Why we use Debits and Credits (Balance Sheet)

Check out this weeks video! This is a really important topic I have been waiting to discuss!


This video will tell you why we use Debits and Credits

Almost all accounting classes teach Debits and Credits through memorization. In all your accounting classes, you are going to learn different journal entries and the debits and credits. And you memorize them. And this is great, because you need to memorize them all. However, what I don’t think professors spend enough time on, is why we use debits and credits in the first place. Why? The answer is very important.
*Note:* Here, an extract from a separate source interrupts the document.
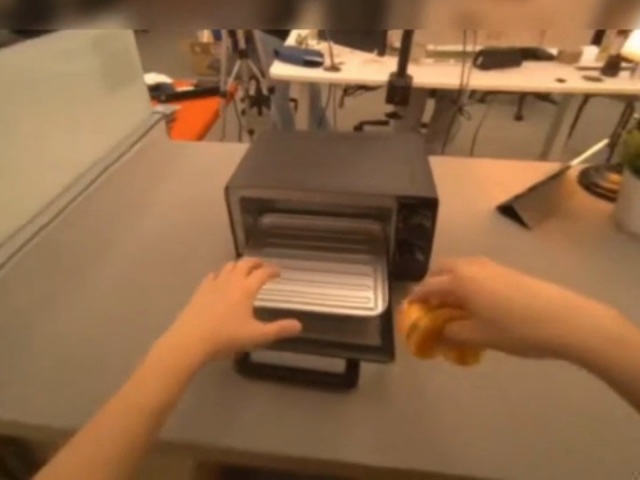 Bread moving toward the open oven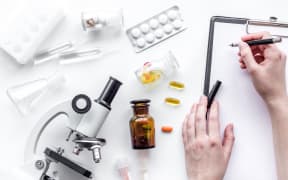 Hand writes on tablet near microscope.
Let’s start by looking at a balance sheet. You have two sides. Assets and Liabilities plus Owner’s Equity. And this follows the equation Assets = Liabilities + Owner’s Equity. So you can always look at a Balance Sheet and see that both sides even out. One side will always equal the other side. I am going to explain to you why that is so important.

Let’s look at assets. I think it is pretty common sense why you would want to track a company’s assets. Assets tell you how much property the company owns. So you track cash as it goes up and down. You track inventory as it goes up and down. You track all these things and you can look at the Balance Sheet and say, “this is how much stuff the company owns.”

But accountants don’t stop there. They also watch the other side of the Balance Sheet: Liabilities and Owner’s Equity. The other side of the balance sheet is about understanding who has claims to the company assets. Let’s look at liabilities. You have short term, like Accounts Payable where you might owe a supplier for inventory you bought. That supplier has a claim against a dollar amount of your company’s assets. You might have long term liabilities, like bank debt. That bank has a claim against a dollar amount of your company’s assets. Owner’s Equity follows the same pattern. You might have retained earnings or Additional Paid in Capital, which are the owner’s claims to the assets of the business.

So let’s think big picture. When you set up a company, you just have a blank legal entity. And what happens is all these different parties put things into the business. Owner’s put things in, Banks and Suppliers put things in. And you start accumulating all these assets. Well, it’s important not only to track the assets, in the business, but who owns what assets. And that is the point of double entry bookkeeping. That is why there is always two entries in a journal entry. That is why you always have a debit and a credit that always balances. A single entry bookkeeping system would just keep track of Assets and forget about the other side. But it would be very difficult to run a business that way.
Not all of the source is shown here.